— DESCRIPTION OF THE TASK —
Starting at the line with "FOODBAG kese za", copy each line through the last one below exactly as written, without any pictures.

— RECORDS FOR PROCESSING —
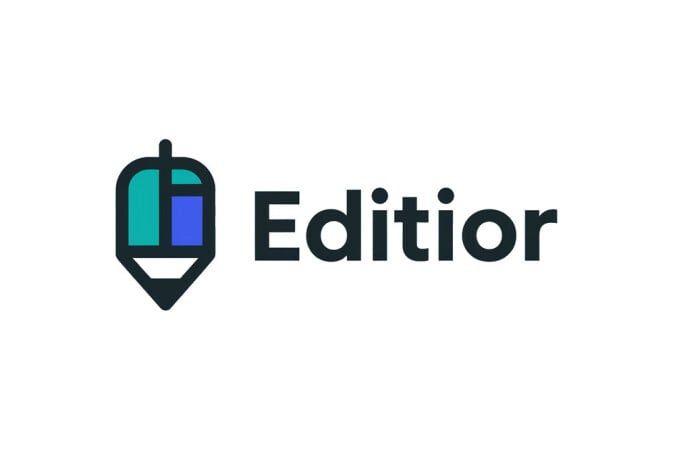 Editior logo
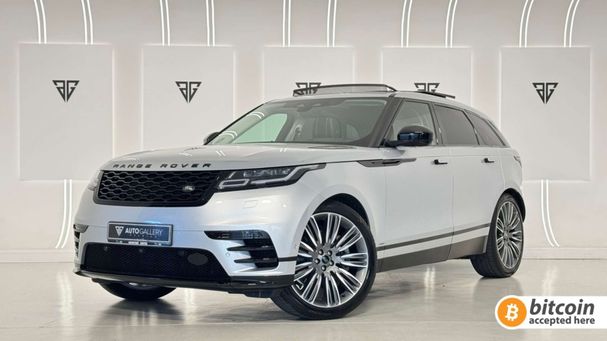 Land Rover Range Rover Velar R-Dynamic S 221 kW image number 1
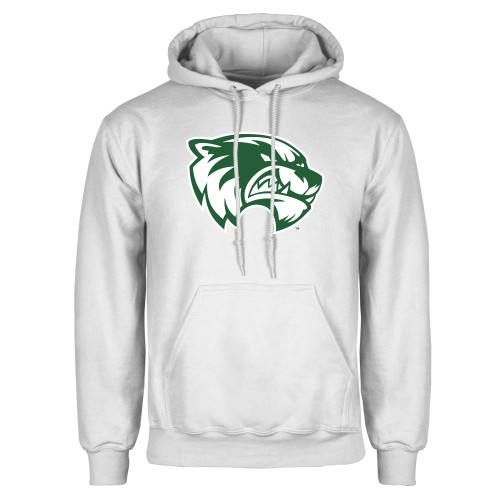 Main Image for  White Fleece Hoodie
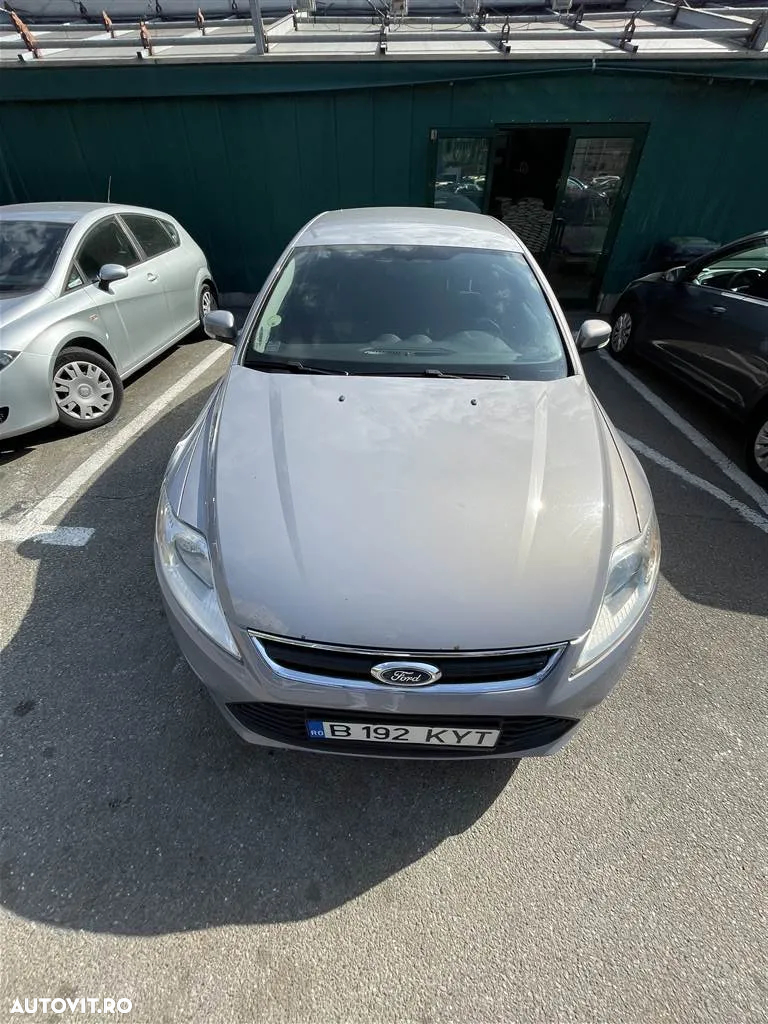 Ford Mondeo 1.6 TDCi Ambiente - 2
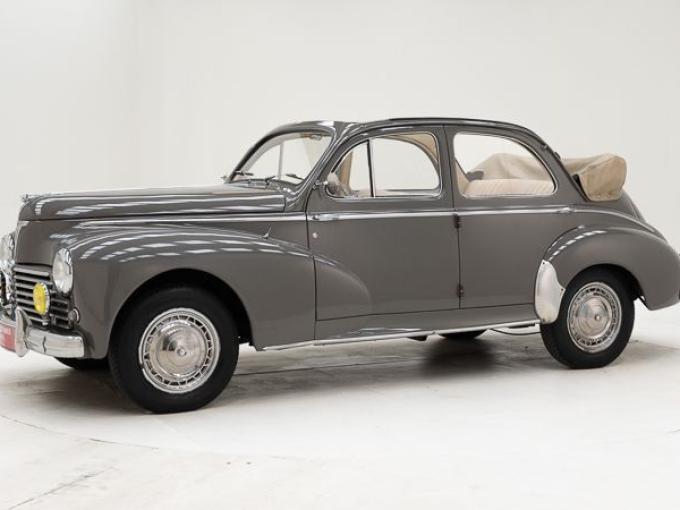 Peugeot 203 C '59 CH04850 de 1959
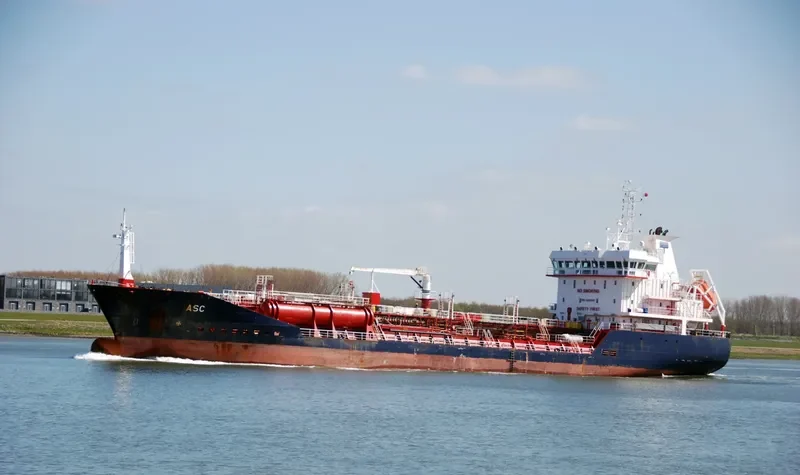 ASC Tanker IMO 9420693 photo 9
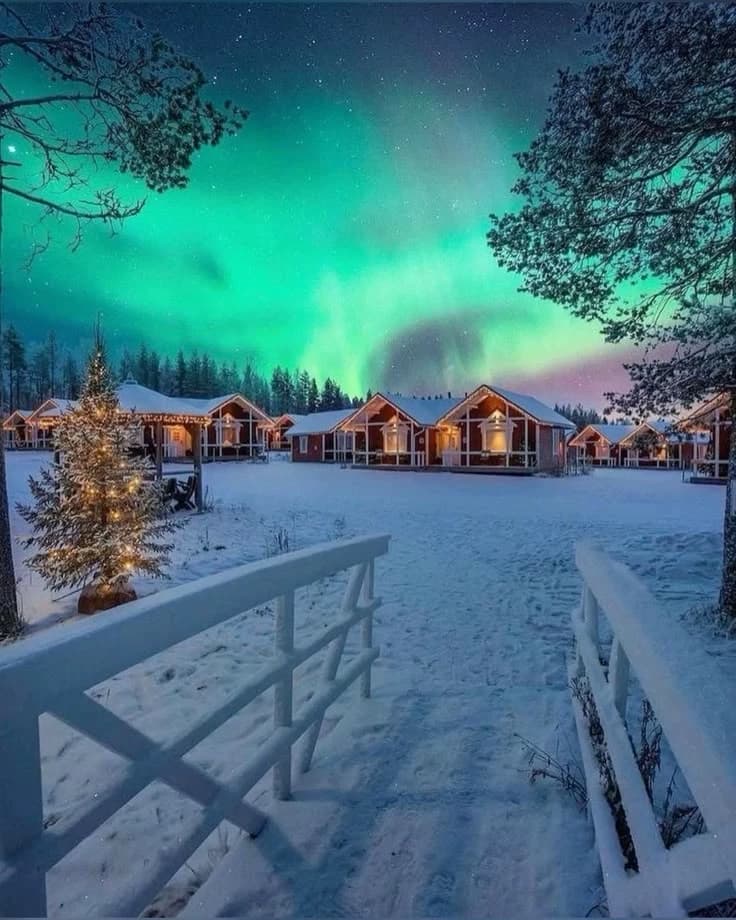 Lapland - Finland ❄️☃️ thumbnail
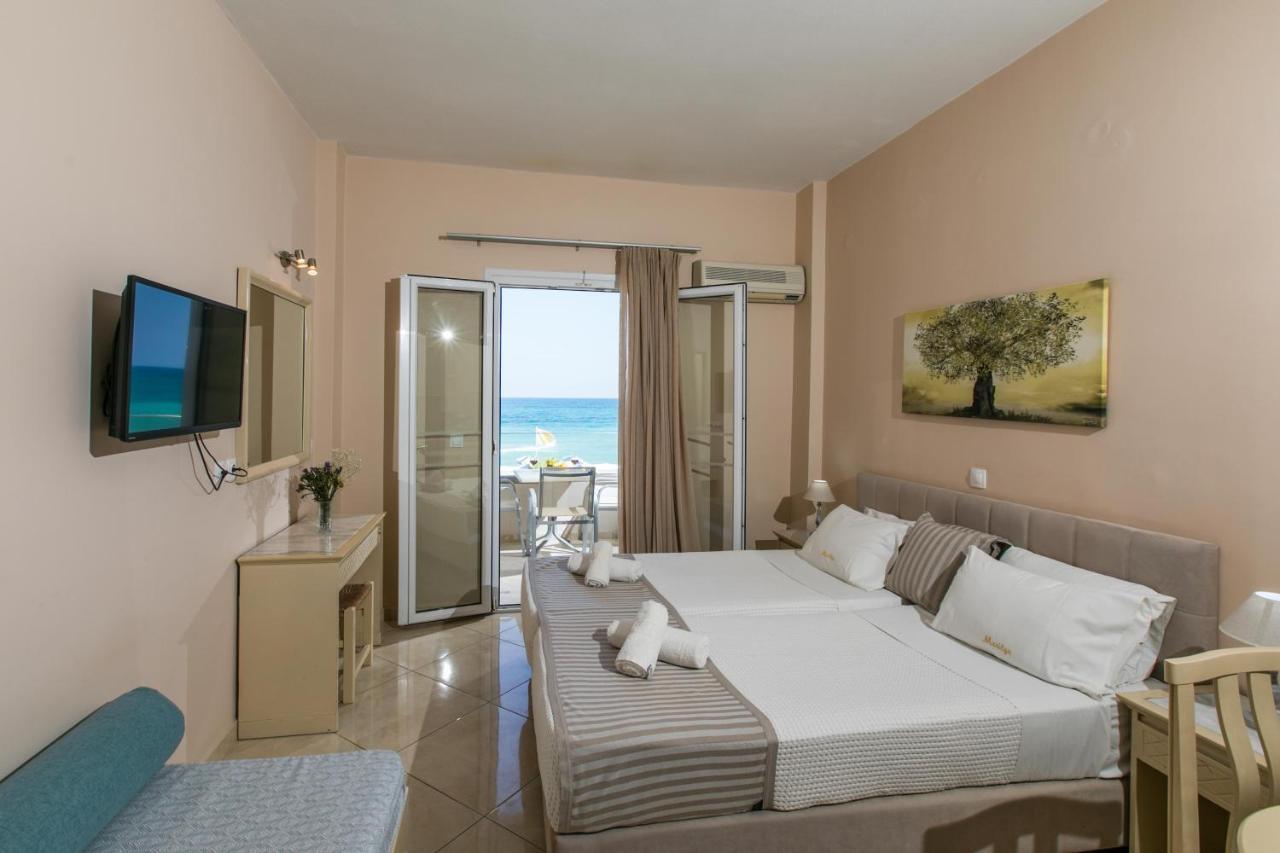 Marilyn Apartments Rethymno Exteriér fotografie
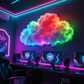 📢🎁¡¡¡60 % DE DESCUENTO!!! ✨Lámpara decorativa LED Thundercloud con alimentación USB🌈☁️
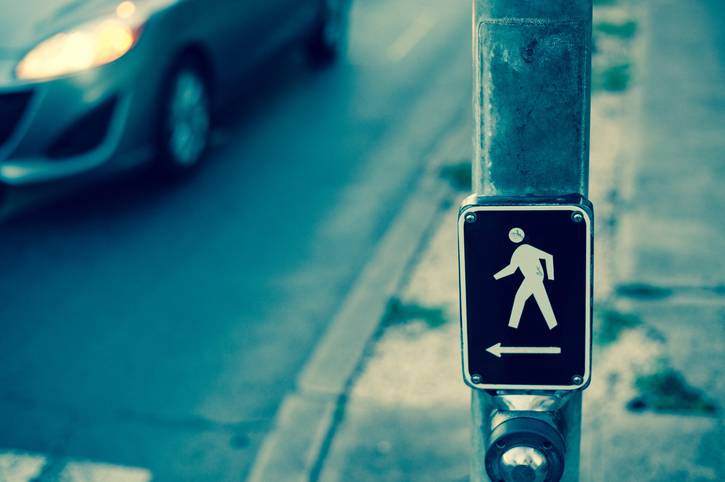 risk factors for pedestrian accidents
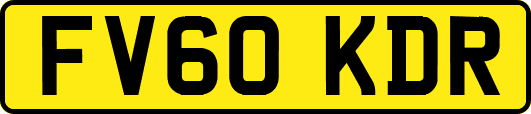FV60KDR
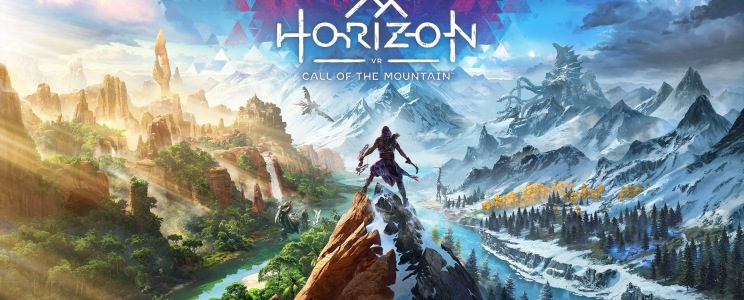Horizon Call of the Mountain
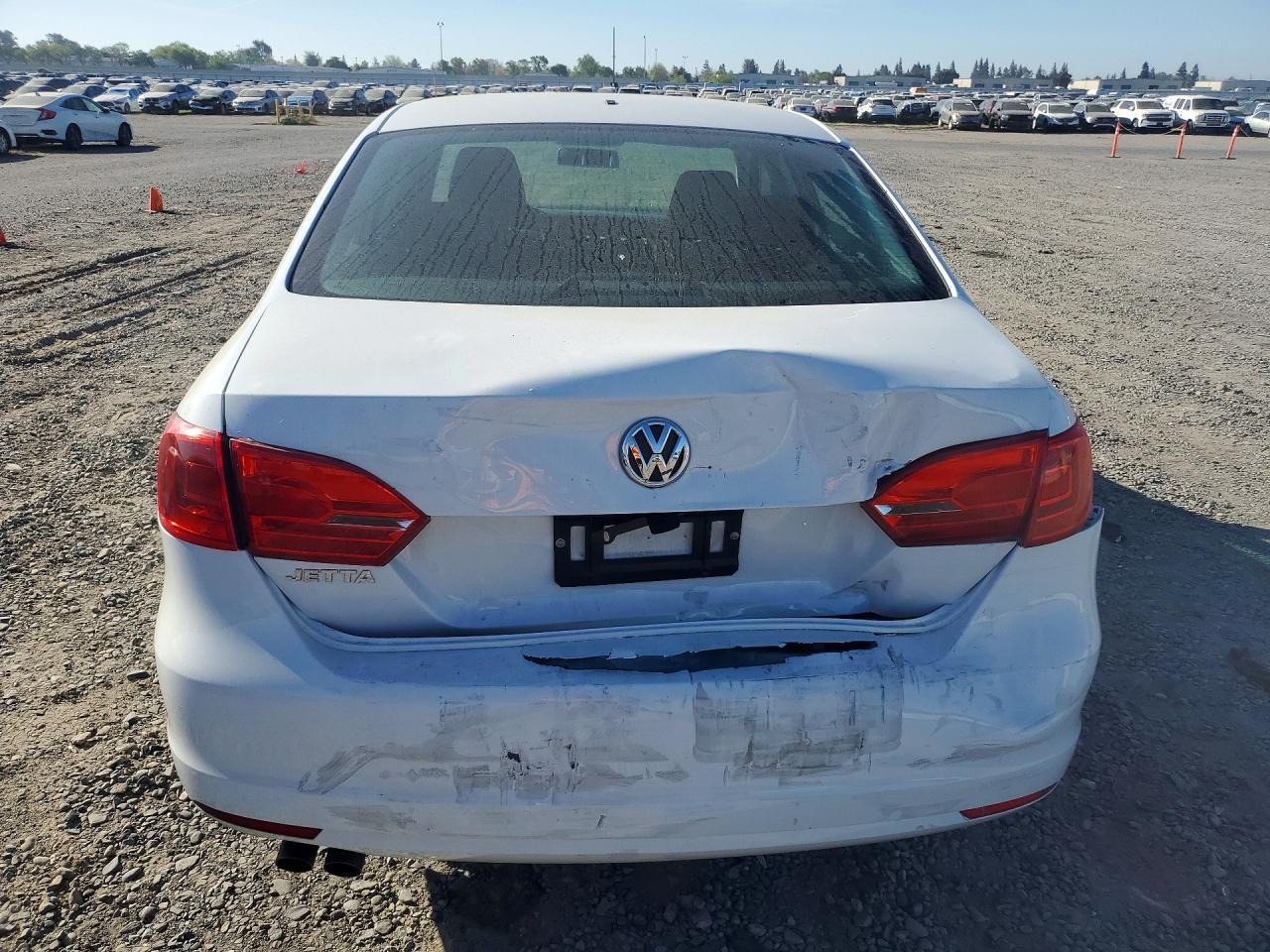 2014 VOLKSWAGEN JETTA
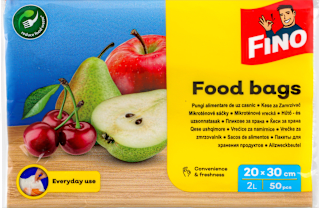 FOODBAG kese za namirnice, zapremina: 2l FINO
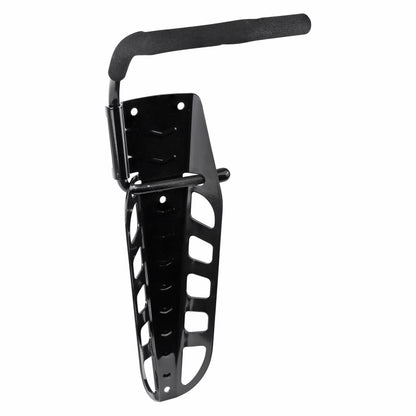 Mottez fat bike wall mount up to 4.25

— ANSWER FOR THE TASK —
 FOODBAG kese za namirnice, zapremina: 2l FINO
 Mottez fat bike wall mount up to 4.25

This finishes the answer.